From 698c8b1e2ada9ee68ed59f916b80db0ef1eb8bc3 Mon Sep 17 00:00:00 2001
From: Mathieu Lacage <mathieu.lacage@sophia.inria.fr>
Date: Mon, 5 Jul 2010 10:15:42 +0200
Subject: [PATCH] bug 826: optimize hp implementation for 32bit systems

---
 src/simulator/high-precision-cairo.cc | 169 ++++---------------------
 src/simulator/high-precision-cairo.h  | 176 +++++++-------------------
 2 files changed, 71 insertions(+), 274 deletions(-)
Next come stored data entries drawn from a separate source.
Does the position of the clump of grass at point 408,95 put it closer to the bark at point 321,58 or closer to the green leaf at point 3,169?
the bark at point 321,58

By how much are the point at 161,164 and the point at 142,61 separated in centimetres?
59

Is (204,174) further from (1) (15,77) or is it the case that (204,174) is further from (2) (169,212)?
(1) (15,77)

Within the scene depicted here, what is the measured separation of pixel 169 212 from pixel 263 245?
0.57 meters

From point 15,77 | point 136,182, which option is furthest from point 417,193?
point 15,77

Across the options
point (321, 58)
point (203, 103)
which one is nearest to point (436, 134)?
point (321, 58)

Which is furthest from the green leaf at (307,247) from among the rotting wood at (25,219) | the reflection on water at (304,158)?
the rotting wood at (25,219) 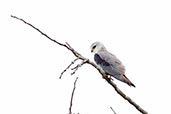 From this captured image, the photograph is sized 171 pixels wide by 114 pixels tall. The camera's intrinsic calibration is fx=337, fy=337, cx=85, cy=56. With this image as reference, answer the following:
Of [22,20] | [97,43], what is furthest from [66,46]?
[97,43]

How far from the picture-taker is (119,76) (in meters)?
6.17

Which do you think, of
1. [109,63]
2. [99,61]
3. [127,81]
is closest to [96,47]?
[99,61]

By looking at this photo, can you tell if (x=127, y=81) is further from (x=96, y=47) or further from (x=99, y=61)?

diff --git a/src/simulator/high-precision-cairo.cc b/src/simulator/high-precision-cairo.cc
index d1939901e..45f882b07 100644
--- a/src/simulator/high-precision-cairo.cc
+++ b/src/simulator/high-precision-cairo.cc
@@ -25,137 +25,39 @@
 
 namespace ns3 {
 
-#ifdef GATHER_STATISTICS
-int HighPrecision::m_nfastadds = 0;
-int HighPrecision::m_nfastsubs = 0;
-int HighPrecision::m_nfastmuls = 0;
-int HighPrecision::m_nfastcmps = 0;
-int HighPrecision::m_nfastgets = 0;
-int HighPrecision::m_nslowadds = 0;
-int HighPrecision::m_nslowsubs = 0;
-int HighPrecision::m_nslowmuls = 0;
-int HighPrecision::m_nslowcmps = 0;
-int HighPrecision::m_nslowgets = 0;
-int HighPrecision::m_ndivs = 0;
-int HighPrecision::m_nconversions = 0;
-
-void
-HighPrecision::PrintStats (void)
-{
-  double nadds = m_nfastadds + m_nslowadds;
-  double nsubs = m_nfastsubs + m_nslowsubs;
-  double ncmps = m_nfastcmps + m_nslowcmps;
-  double nmuls = m_nfastmuls + m_nslowmuls;
-  double ngets = m_nfastgets + m_nslowgets;
-  double fast_add_ratio = m_nfastadds / nadds;
-  double fast_sub_ratio = m_nfastsubs / nsubs;
-  double fast_cmp_ratio = m_nfastcmps / ncmps;
-  double fast_mul_ratio = m_nfastmuls / nmuls;
-  double fast_get_ratio = m_nfastgets / ngets;
-
-  std::cout << "add=" << fast_add_ratio << std::endl
-            << "sub=" << fast_sub_ratio << std::endl
-            << "cmp=" << fast_cmp_ratio << std::endl
-            << "mul=" << fast_mul_ratio << std::endl
-            << "get=" << fast_get_ratio << std::endl
-            << "nadds=" << nadds << std::endl
-            << "nsubs=" << nsubs << std::endl
-            << "ncmps=" << ncmps << std::endl
-            << "nmuls=" << nmuls << std::endl
-            << "ngets=" << ngets << std::endl
-            << "ndivs=" << m_ndivs << std::endl
-            << "nconversions=" << m_nconversions << std::endl
-  ;
-}
-#else
-void
-HighPrecision::PrintStats (void)
-{
-}
-#endif /* GATHER_STATISTICS */
-
-
 const double HighPrecision::MAX_64 = 18446744073709551615.0;
 
-
-HighPrecision::HighPrecision (double value)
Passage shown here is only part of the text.